The next macro variables define network settings: • hidden_b and hidden_d respectively define the number of hidden units in the

binary and interval target components. • d_error defines the error distribution for the interval target component. • d_act defines the activation function for the interval target component. • objective defines the object function. • random_seed defines the random number used for parameter initialization.

*** NETWORK *****************************; %let hidden_d = 3; %let hidden_b = 3; %let d_error = gamma; %let d_act = exponential; %let objective = likelihood; %let random_seed = 90567;

The network is configured to use an exponential activation function with a gamma distribution for the target error distribution. This is similar to the network used in the earlier demonstration “Using Advanced Neural Networks.”

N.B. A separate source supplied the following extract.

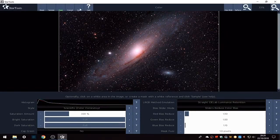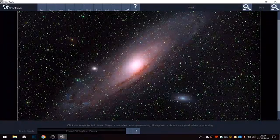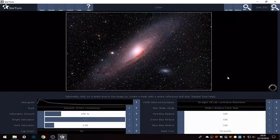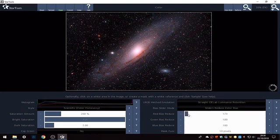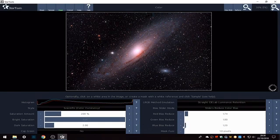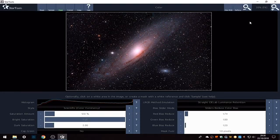It looks really nice. Keep that for a second. I want to do the stars so I'm going to invert the mask and then go back to the colour and see — keep mask. I'm going to reduce the red. I'm going to reduce the saturation. That looks really nice.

The DMDB procedure creates a modeling-ready data set for the NEURAL procedure. DMDBCAT is a catalog containing metadata information about the variables in the DMDB. The NEURAL requires both the DMDB dataset and catalog for modeling. proc dmdb data=&_train out=dmdbtrain dmdbcat=dmdbtraincat; var &b_intrvl &d_intrvl &d_target; class &b_class &d_class &b_target ; run;

The next statement suppresses the output from the NEURAL procedure. The output, network settings and parameter estimates, is of limited interest in this demonstration. ods listing close;

The NEURAL procedure is called. The options define the DMDB data set and catalog, the validation data (used for early stopping), and the random seed (used for initialization). proc neural data=dmdbtrain dmdbcat=dmdbtraincat validata=&_valid random=&random_seed;


The INPUT, HIDDEN, and TARGET statements define groups of variables within the neural network. Each group can then be referred to later by the name supplied in the ID argument.

For TARGET nodes, the error distribution, ERROR, and activation functions, ACT, can be supplied. *** input nodes; input &d_intrvl / level=interval id=d_intrvl_inputs; * input &d_class / level=nominal id=d_class_inputs; input &b_intrvl / level=interval id=b_intrvl_inputs; input &b_class / level=nominal id=b_class_inputs; *** hidden nodes; hidden &hidden_d / id=hidden_d; hidden &hidden_b / id=hidden_b; *** target nodes; target &d_target / level=interval error=&d_error act=&d_act id=d_target; target &b_target / level=nominal id=b_target;

Because there are no class inputs for the interval target component, the definition for input node d_class_inputs is commented out.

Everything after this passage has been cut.